Forster, John (1812 -1876)
Literary critic and a friend of author Charles Dickens, John Forster was born at Newcastle upon Tyne. His father, a Unitarian who belonged to the junior branch of a Northumberland family, was a cattle-dealer. Well grounded in classics and mathematics at The Royal Grammar School in Newcastle, Forster was sent in 1828 to the University of Cambridge, but after only a month's residence he moved to London, where he attended classes at University College, and entered the Inner Temple. In 1843, Forster was called to the Bar, but he never practised as a lawyer. He preferred the vocation of literary and dramatic critic, and historian. In 1840 he wrote a Treatise on the Popular Progress in English History, which obtained immediate recognition, making Forster a prominent figure in a distinguished circle of literary men that included Leigh Hunt, Edward Bulwer-Lytton, Walter Savage Landor, Robert Browning, Thomas Carlyle, and Charles Dickens.

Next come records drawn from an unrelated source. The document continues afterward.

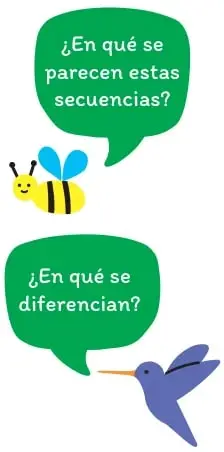 Figura 6 de Matemática – Segundo Básico | Texto del Estudiante MINEDUC – Descargar PDF · 2024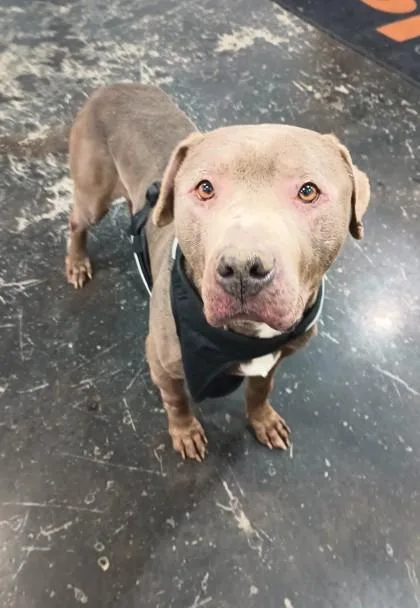 An adult large-sized male Mixed Breed dog named Buddha for adoption in Cincinnati, OH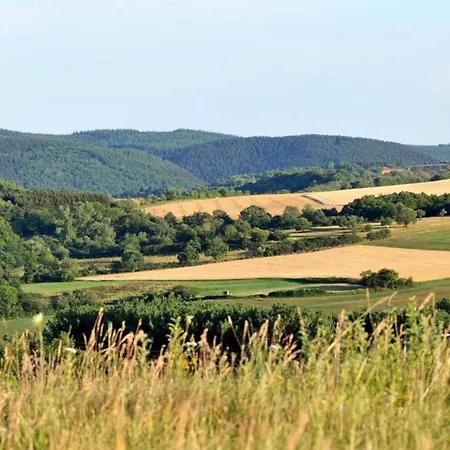 In Eifel Near Forest And Mountains Hinterhausen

In 1868 appeared his Life of Landor. For several years he had been collecting materials for a life of Jonathan Swift, but he interrupted his studies to write his standard Life of Charles Dickens. He had long been intimate with the novelist, and it is by this work that John Forster is now chiefly remembered. The first volume appeared in 1872, and the biography was completed in 1874. Towards the close of 1875 the first volume of his Life of Swift was published, and he had made some progress in the preparation of the second at the time of his death.